CMP had a paltry statewide approval rating of 37 percent, according to a pre-election poll from Digital Research Inc. It got worse from there. Only 20 percent said it would be good for Maine jobs and 9 percent said it would help CMP customers. More than 52 percent said the corridor would hurt the environment, even though 60 percent want to prioritize renewables.

“If there was a do-over where the ‘no’ side could change strategy, the outcome wouldn’t be much different,” said Dave Wilby, a public affairs strategist who specializes in energy and infrastructure projects. “Some people may think the ‘no’ messages were ineffective, but if better ones existed, they would have used them.”
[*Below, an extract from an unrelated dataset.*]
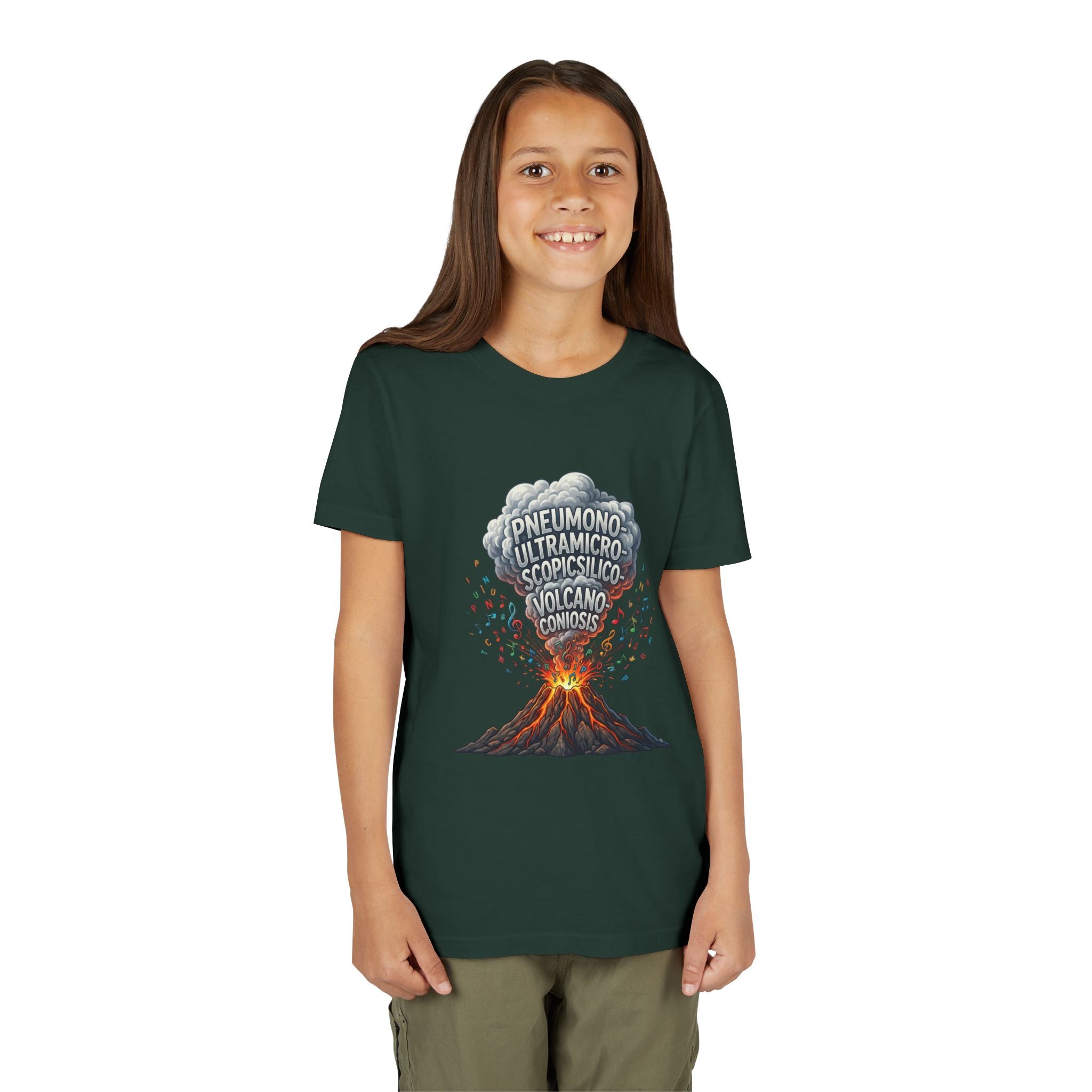 Longest Word in English Youth Tee | Volcano Word Nerd Shirt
It was clear that the corridor was headed for a fight in early 2019, when several towns along the path resisted the project in public votes after Gov. Janet Mills got behind the project after inking a benefits package with CMP and its allies. While the strongest opposition was in western Maine in Tuesday’s election, geography was not much of a factor. The “yes” side won every county except for Aroostook, where leaders are hoping to fully connect to the regional grid soon.

That included places that would have been positively affected by the corridor, including Lewiston and Auburn. Both cities sunk heavy political capital into backing the project, citing millions of dollars in tax revenue from upgrades around where the corridor would link to the grid. In the end, Lewiston went 56 percent against the project. Auburn was at 57 percent opposition.
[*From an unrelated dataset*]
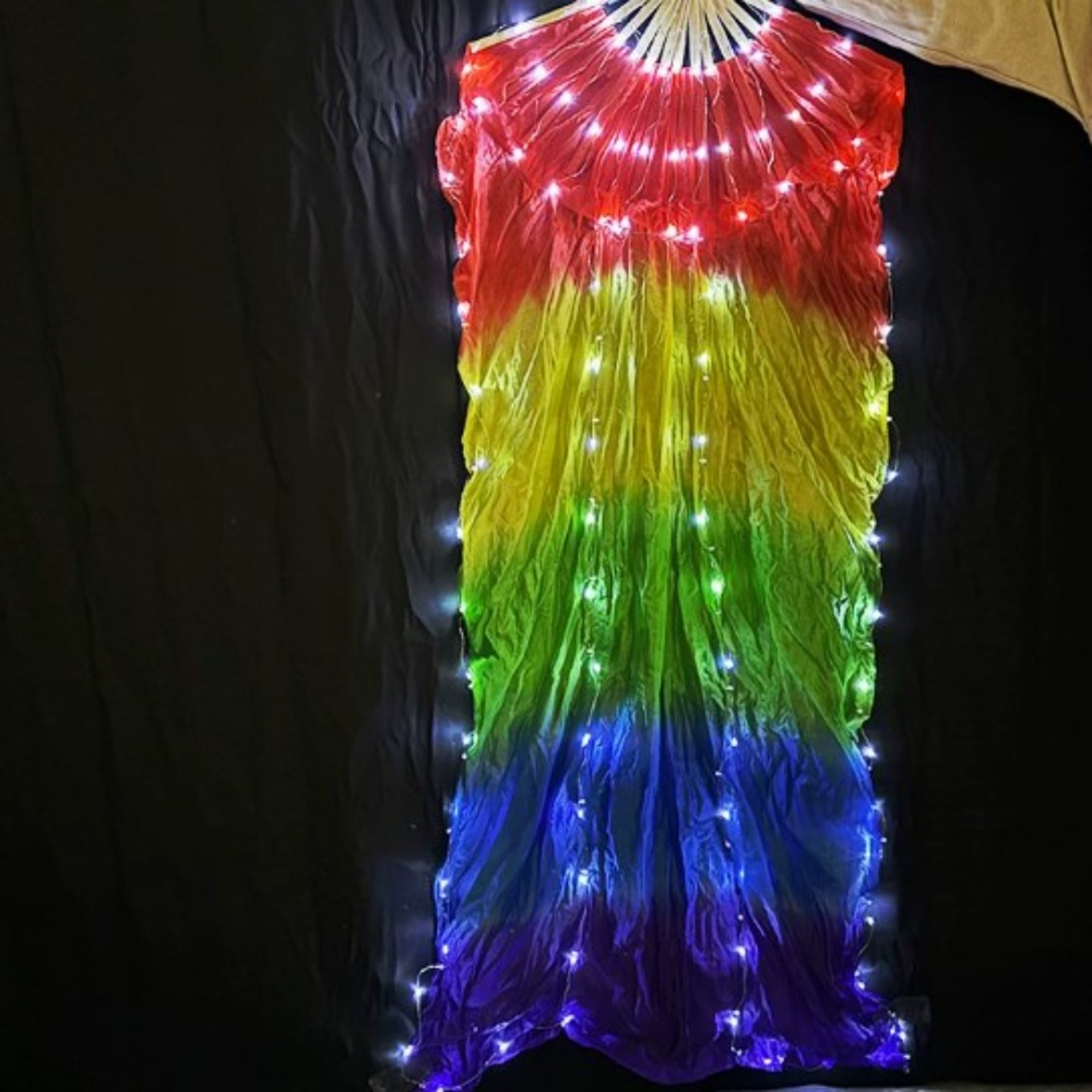 Silk Belly Dancing Fans, Performance Props for Dancer Practice, Elegant Dance Accessories – view 12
Corridor opponents portrayed the corridor as only benefiting Massachusetts, which is paying for the project although the power will be used regionally. They also made the character of the state’s forests a focal point, characterizing the commercial forest where the new 53-segment of the corridor would run as “pristine,” even though the area requiring new cutting of trees has long been a center of commercial logging and has hundreds of miles of roads.
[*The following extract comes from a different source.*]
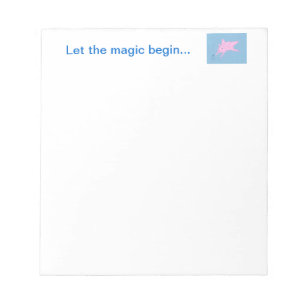 Bloc-note Cochon rose Faisant Blue Stars Notepads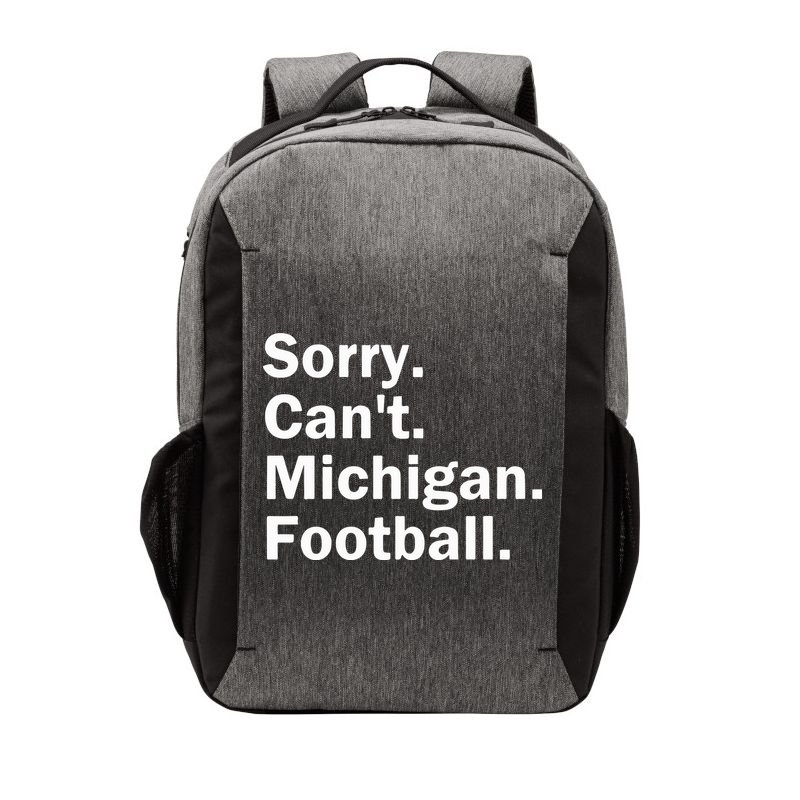 Sorry Cant Michigan Football Vector Backpack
“It’s harmful to the environment and our communities and I don’t think the benefit is worth destroying natural resources in Maine,” said Nicole Araujo, an event marketer from Portland who voted “yes.”

But CMP made the corridor project most vulnerable by not recognizing people’s frustrations with the company, said Gordon Weil, Maine’s first public advocate and a vocal critic of the utility. He said that acknowledging people’s frustrations with them would have meant admitting the company needs to change.

“Here was a situation where CMP was coming in and asking them for something, and they had the opportunity to, without going through [regulators], without going through the Legislature, directly tell CMP they weren’t happy with them.”

Some “yes” voters were more torn. Deirdre Fulton of Norway said climate change was a huge issue for her and her children, but she wishes CMP “proposed a sweeter deal.” A “no” voter, Doug Hufnagel of Belfast, called the corridor a “tiny scratch on the face of Maine” and said the anti-corridor side dramatized the environmental effects.

“If we want electric power, then we are going to have to give something up,” said David Jones, a physician from Presque Isle who voted for the corridor.

There were lingering feelings among corridor supporters that they have pushed back further. One strategist said the CMP side should have addressed emotional arguments well before referendums came into play. Hydro-Quebec CEO Sophie Brochu told Bloomberg News her company, despite spending nearly $22 million during the campaign, was “too nice.” A Hydro-Quebec spokesperson declined to elaborate further on Brochu’s comments.

CMP had few political options available, said Tony Buxton, a lobbyist who represents the pro-corridor Industrial Energy Consumers Group. But he said after often fighting CMP during his career on behalf of manufacturers, they were correct on energy policy this time.

The real story, he said, was how CMP rivals, including NextEra Energy, which funded the anti-corridor campaign to the tune of $20 million and runs a New Hampshire nuclear station and an oil-fired plant in Yarmouth, will fight clean-energy development across the region.

“Lots of people in Maine today have shorter noses than they did before Election Day,” Buxton said, “because we’ve cut off our nose to spite our face.”

BDN writers Michael Shepherd, Lia Russell, David DiMinno and Nick Schroeder contributed to this report.